Where a picture appears, leave it out, and transcribe all the lines below exactly.

------------------------------------------------------------

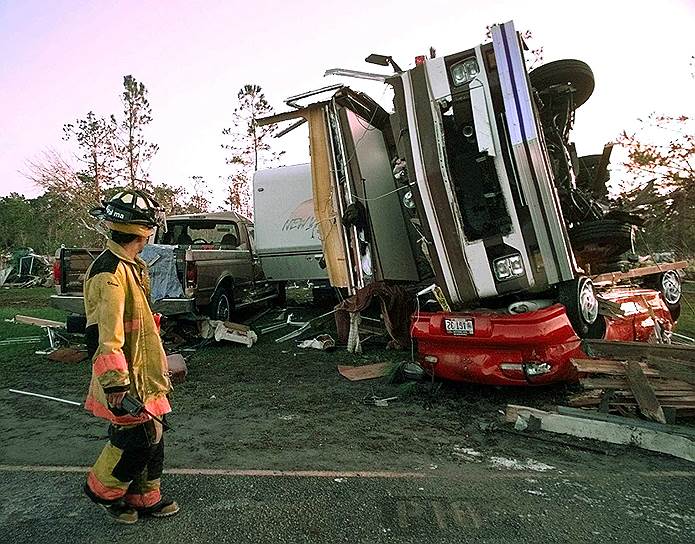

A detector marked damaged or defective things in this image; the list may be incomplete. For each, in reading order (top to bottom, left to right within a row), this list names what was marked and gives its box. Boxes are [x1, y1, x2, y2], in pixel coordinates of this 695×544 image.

splintered lumber [588, 260, 688, 284]
splintered lumber [584, 338, 695, 364]
splintered lumber [338, 364, 392, 380]
splintered lumber [572, 360, 656, 376]
splintered lumber [628, 362, 668, 424]
splintered lumber [508, 406, 692, 462]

------------------------------------------------------------

■ **SOLUTION TO THE EXERCISE**
A detector marked damaged or defective things in this image; the list may be incomplete. For each, in reading order (top to bottom, left to right within a row), this list names what was marked and gives its box. Boxes are [x1, y1, x2, y2], in pixel coordinates of this 695×544 image.

splintered lumber [588, 260, 688, 284]
splintered lumber [584, 338, 695, 364]
splintered lumber [338, 364, 392, 380]
splintered lumber [572, 360, 656, 376]
splintered lumber [628, 362, 668, 424]
splintered lumber [508, 406, 692, 462]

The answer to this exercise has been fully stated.